Author Mel Pohl
“This abstract is from an article in a recent edition of Science. It discusses “spinal memory” and opioids and asserts that opioids dampen pain temporarily but also erase the spinal memory trace. When pain registers in a nerve, it is like turning a light switch on. Ideally, when the pain passes, the light switch should turn itself off. Unfortunately, in the case of chronic pain this switch is stuck in the “ON” position. You experience pain long after the painful event has passed. The article advocates the use of high dose opioids to dampen pain and at the same time erasing the memory of the pain.
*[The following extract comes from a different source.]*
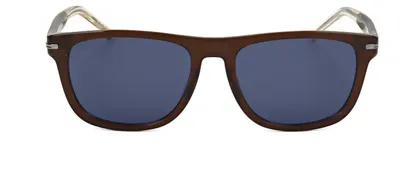 Produktbild von Hugo Boss Sonnenbrille BOSS 1626/S 09Q 55 18 145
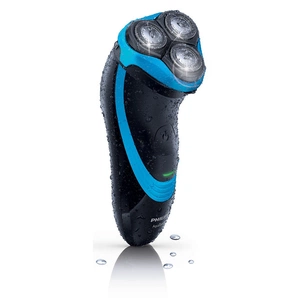 Електробритва Philips AT 750/16 зображення 1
The pain switch, like a light switch, is turned “OFF,” and the nerve is no longer continuously stimulated sending erroneous pain signals to the brain.
In my book, A Day without Pain (Revised Edition), I discuss the many facets of pain and I advocate for the concept of pain recovery, where the individual devises coping skills to deal with pain instead of using opioid painkillers. I discuss many complementary and alternative therapies to help the sufferer to do so. The use of high doses of opioids targeting the spinal nerves, in such a way as to erase spinal memory might be a step in the right direction to avoid the occurrence of chronic pain after surgery or an injury. I’m all for eliminating acute pain; however, I do not advocate routine and long-term use of opioids for chronic pain unless they are shown to improve function. I hope that with more time and research science can discover even more about pain and how to cope with it without using opioids. Opioids often cause significant side effects and negative effects which limit their effectiveness for long term treatment of chronic pain. I will continue to follow the emerging science and see where it leads, as should you, if you or someone you love lives with chronic pain. As always, I wish you A Day without Pain.